How are positive work links interpreted in our brains?

Find out how positive work bonds are interpreted in our brain.

Find out how positive work bonds are interpreted in our brain.

Graciela Ares Follow

Reading time: 12 min

Human behaviour through brain perception

In this article I will mention Dr. Rosler Roberto, academic professor of the Asociación Educar, neurosurgeon with Honours Diploma, at the University of Buenos Aires. Professor of Neurophysiology, Psychopedagogy, at the Pontifical Catholic University of Buenos Aires. Coordinator and Professor of Neuroanatomy, with a Master’s Degree in Neuropsychology, at the Instituto Universitario Hospital Italiano. In some of his academic modules such as: “The value of affective bonds”, “The benefits of being grateful”, and “We are social beings”, he explains the importance of these topics so that we become aware of the impact on our brain, and making it a priority when it comes to performing in social spaces.
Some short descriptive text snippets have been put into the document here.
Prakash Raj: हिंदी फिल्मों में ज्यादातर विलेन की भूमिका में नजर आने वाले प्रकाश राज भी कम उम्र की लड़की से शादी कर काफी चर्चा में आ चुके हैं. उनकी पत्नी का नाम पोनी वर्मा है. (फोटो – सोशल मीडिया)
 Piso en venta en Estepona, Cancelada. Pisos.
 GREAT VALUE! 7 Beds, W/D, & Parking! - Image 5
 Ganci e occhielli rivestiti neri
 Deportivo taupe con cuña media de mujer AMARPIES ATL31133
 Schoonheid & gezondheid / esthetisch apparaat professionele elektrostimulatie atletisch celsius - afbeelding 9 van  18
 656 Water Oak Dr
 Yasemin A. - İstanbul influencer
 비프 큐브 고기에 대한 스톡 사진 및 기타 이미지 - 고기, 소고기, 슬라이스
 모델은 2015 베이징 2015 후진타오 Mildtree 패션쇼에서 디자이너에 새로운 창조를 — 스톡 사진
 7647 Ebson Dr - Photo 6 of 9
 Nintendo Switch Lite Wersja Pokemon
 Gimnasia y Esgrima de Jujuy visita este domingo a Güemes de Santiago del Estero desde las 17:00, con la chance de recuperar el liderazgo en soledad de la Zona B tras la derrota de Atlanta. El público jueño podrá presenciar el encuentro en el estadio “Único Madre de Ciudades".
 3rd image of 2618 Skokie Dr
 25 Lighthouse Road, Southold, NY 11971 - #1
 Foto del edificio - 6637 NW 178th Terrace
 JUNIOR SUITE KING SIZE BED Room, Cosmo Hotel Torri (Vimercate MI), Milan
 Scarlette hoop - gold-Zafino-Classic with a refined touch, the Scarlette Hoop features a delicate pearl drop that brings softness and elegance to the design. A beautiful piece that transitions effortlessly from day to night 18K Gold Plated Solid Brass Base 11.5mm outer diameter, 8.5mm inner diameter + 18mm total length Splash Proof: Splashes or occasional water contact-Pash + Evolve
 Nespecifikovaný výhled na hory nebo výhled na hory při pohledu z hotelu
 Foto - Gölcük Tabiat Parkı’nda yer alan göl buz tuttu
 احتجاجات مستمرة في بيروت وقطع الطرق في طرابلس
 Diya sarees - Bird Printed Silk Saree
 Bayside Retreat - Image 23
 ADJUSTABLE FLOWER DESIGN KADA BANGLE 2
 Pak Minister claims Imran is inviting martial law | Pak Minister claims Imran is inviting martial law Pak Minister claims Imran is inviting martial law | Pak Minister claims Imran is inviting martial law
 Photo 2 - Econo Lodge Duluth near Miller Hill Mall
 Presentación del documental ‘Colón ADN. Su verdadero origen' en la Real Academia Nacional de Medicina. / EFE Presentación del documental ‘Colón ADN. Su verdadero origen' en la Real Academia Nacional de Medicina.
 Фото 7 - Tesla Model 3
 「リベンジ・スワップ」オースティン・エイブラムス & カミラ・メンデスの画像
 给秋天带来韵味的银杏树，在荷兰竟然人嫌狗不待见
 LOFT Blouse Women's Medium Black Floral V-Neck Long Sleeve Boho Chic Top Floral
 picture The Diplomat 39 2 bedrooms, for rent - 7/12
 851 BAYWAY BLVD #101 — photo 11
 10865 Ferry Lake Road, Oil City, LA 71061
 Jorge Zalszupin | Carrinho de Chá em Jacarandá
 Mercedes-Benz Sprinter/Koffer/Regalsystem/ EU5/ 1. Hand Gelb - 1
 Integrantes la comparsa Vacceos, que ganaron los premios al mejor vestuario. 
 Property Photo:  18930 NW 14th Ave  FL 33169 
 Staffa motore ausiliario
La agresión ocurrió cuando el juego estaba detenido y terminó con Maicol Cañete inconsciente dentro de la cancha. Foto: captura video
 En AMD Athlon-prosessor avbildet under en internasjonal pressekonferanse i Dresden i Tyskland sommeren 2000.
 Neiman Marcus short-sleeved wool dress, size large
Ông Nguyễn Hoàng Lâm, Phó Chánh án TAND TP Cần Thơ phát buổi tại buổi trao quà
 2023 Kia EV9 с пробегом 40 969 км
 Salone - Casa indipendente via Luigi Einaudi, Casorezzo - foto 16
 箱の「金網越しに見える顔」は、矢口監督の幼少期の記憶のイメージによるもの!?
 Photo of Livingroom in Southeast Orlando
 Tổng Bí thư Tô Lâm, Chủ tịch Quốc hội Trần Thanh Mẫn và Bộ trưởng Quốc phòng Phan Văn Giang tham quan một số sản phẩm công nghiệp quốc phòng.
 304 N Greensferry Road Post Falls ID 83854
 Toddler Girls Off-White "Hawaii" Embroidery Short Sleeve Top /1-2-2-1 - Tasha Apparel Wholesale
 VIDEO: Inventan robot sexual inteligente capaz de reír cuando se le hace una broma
The value of our bonds of affection as human beings

The value of our affective bonds as human beings is of great importance since our brain, in search of survival, needs to relate to its peers, in a continuous way, being of great importance for our emotional and physical balance.

The healthiest societies are built by nurturing and valuing respect and communication with each other, resulting in a socially positive generation of affective human bonds.

Human beings are a highly sociable species, therefore, a lonely person can be emotionally affected and, as a consequence, become ill.  For this reason, it is so important for homos sapiens sapiens, their life and the bonding relationship they have with their fellows, since our brain experiences emotional pain in the same way as it feels physical pain.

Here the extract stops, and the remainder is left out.